Around the stability of KAM tori

Abstract

We study the accumulation of an invariant quasi-periodic torus of a Hamiltonian flow by other quasi-periodic invariant tori.

We show that an analytic invariant torus ${\mathcal{T}}_0$ with Diophantine frequency ${\omega }_0$ is never isolated due to the following alternative. If the Birkhoff normal form of the Hamiltonian at ${\mathcal{T}}_0$ satisfies a Rüssmann transversality condition, the torus ${\mathcal{T}}_0$ is accumulated by Kolmogorov–Arnold–Moser (KAM) tori of positive total measure.

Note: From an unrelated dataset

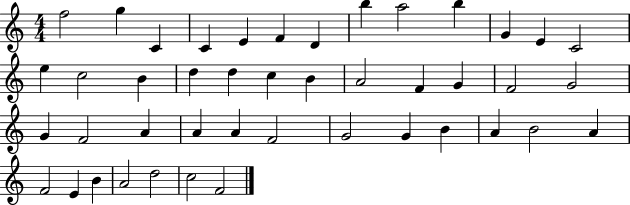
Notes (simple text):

If the Birkhoff normal form is degenerate, there exists a subvariety of dimension at least $d+1$ that is foliated by analytic invariant tori with frequency ${\omega }_0$.

For frequency vectors ${\omega }_0$ having a finite uniform Diophantine exponent (this includes a residual set of Liouville vectors), we show that if the Hamiltonian $H$ satisfies a Kolmogorov nondegeneracy condition at ${\mathcal{T}}_0$, then ${\mathcal{T}}_0$ is accumulated by KAM tori of positive total measure.

In four degrees of freedom or more, we construct for any ${\omega }_0\in {\mathbb{R}}^d$, $C^{\infty }$ (Gevrey) Hamiltonians $H$ with a smooth invariant torus ${\mathcal{T}}_0$ with frequency ${\omega }_0$ that is not accumulated by a positive measure of invariant tori.